* Data excerpt *
--------------------------------
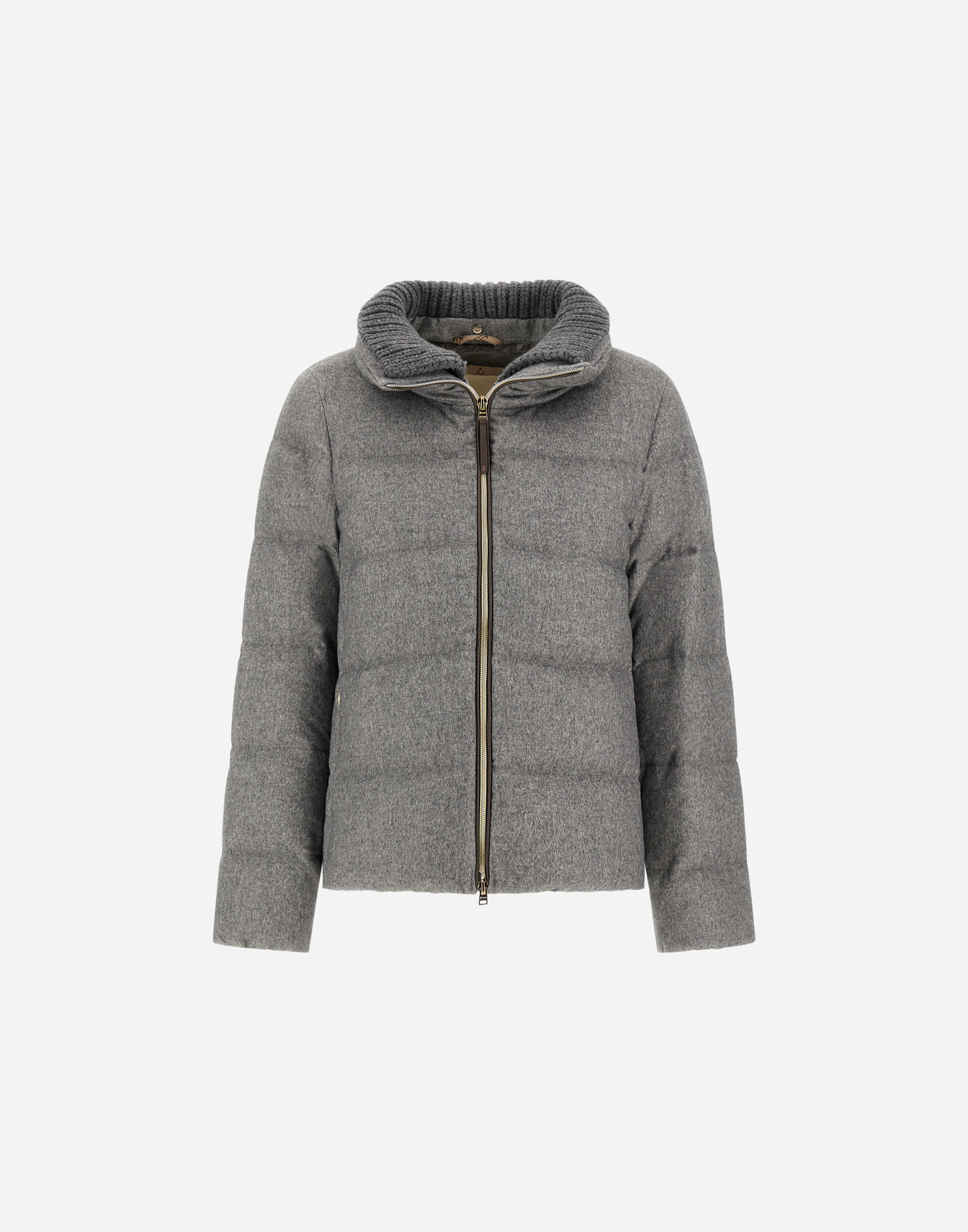 Herno Jacket In Cashmere, Silk And Monogram In Gray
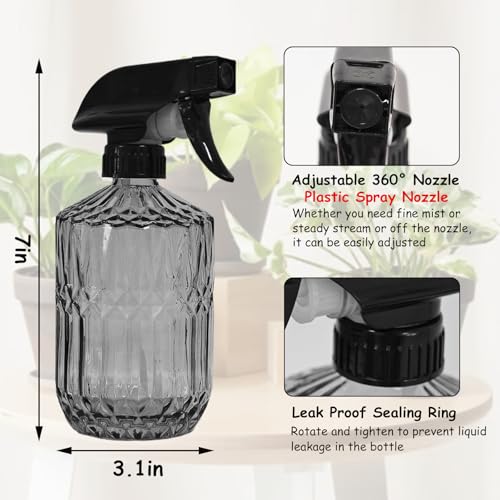 YYTSGG Glass Plant Mister Bottle, 15oz Refillable Water Spray Bottle with Adjustable Mist Nozzle for Indoor Flowers, Outdoor Gardening, Cleaning, Hair and Pets Care (Gray) - color: Gray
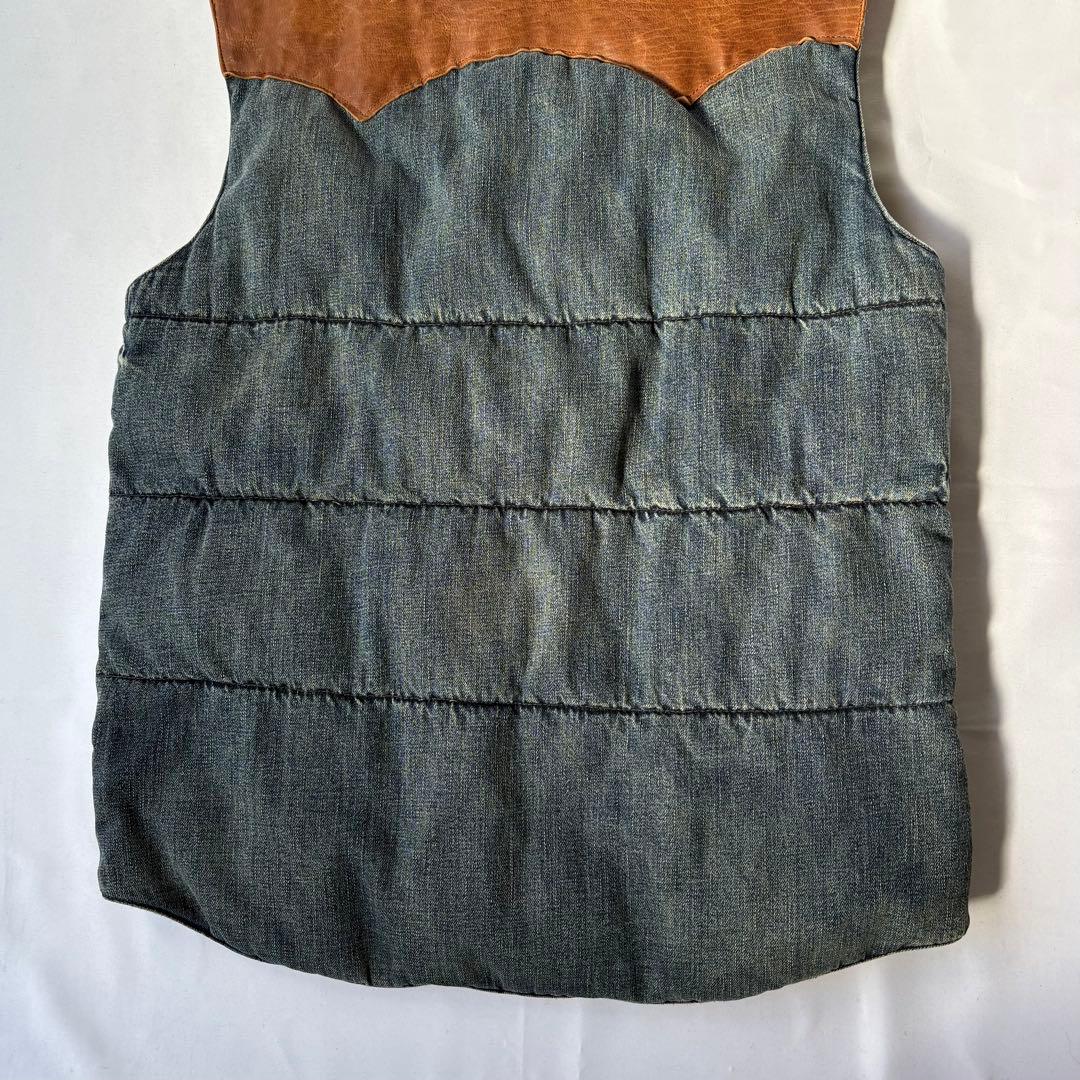 Ralph Lauren 中綿ベスト ネイティブ柄 デニム レザー切り替え
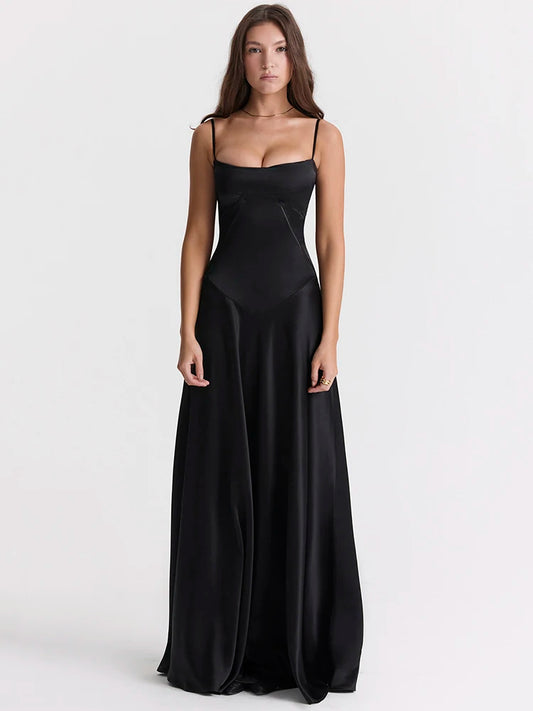 Lace-up Satin Maxi Slipdress Black Spaghetti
--------------------------------
Output each line above exactly. Skip the images.

* Exercise solution *
 Herno Jacket In Cashmere, Silk And Monogram In Gray
 YYTSGG Glass Plant Mister Bottle, 15oz Refillable Water Spray Bottle with Adjustable Mist Nozzle for Indoor Flowers, Outdoor Gardening, Cleaning, Hair and Pets Care (Gray) - color: Gray
 Ralph Lauren 中綿ベスト ネイティブ柄 デニム レザー切り替え
 Lace-up Satin Maxi Slipdress Black Spaghetti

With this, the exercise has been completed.